Open maldiH opened 3 years ago
Note that mu_w and mu_n are the dynamic viscosity, which includes the contribution of both the density and the kinematic viscosity. The relaxation times control the kinematic viscosity, and you will max out around M=5 if you only change the kinematic viscosity for the color LBM scheme implemented in LBPM. However, you can get a larger viscosity ratio by also controlling the density ratio, e.g.
rho_n = 0.05
rho_w = 1.0
tau_n = 0.7
rho_w = 1.5
This will give you kinematic viscosities nu_n = (tau_n-0.5)/3
and nu_w = (tau_w-0.5)/3
, with M = (rho_w*nu_w)/(rho_n*nu_n)
. In many cases (e.g. liquid-gas systems) you do also have a large density contrast in addition to the viscosity contrast.
Using this strategy you should be able to achieve M=100 or possibly up to M=350. You can run into instabilities as M increases, and these effects are geometry dependent.

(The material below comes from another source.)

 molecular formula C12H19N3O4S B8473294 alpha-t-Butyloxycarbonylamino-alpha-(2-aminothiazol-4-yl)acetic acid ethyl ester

Lowering the IFT will tend to help in these cases, since it instabilities are often due to the IFT moving mass too quickly somewhere in the simulation domain.
Thanks James for clarification, if I have density of rho_1=1000 kg/m3 and viscosity mu_1=1 mPa.s, so what will be the tau_1 and rho_1 in lattice units?
You don't need to match the physical units. You only need to match the dimensionless ratios (e.g. viscosity and density ratio). This is due to the Buckingham Pi theorem.
Generally you want to choose the LBM units so that the timestep is as big as possible.
Thank you very much. I have found this paper also to covert from physical units to lattice units: https://doi.org/10.1016/j.compfluid.2021.104925
Hi LBPM Community,
I have a question regarding the limitations with viscosity ratio. How high can we set M(mu_nw/mu_w), but still get reasonable results (relative permeability at steady-state)? I see that in the tutorial, recommendations are M around 5, but wondering, if it is just the maximum value at which the code was tested. Any comments on this is greatly appreciated!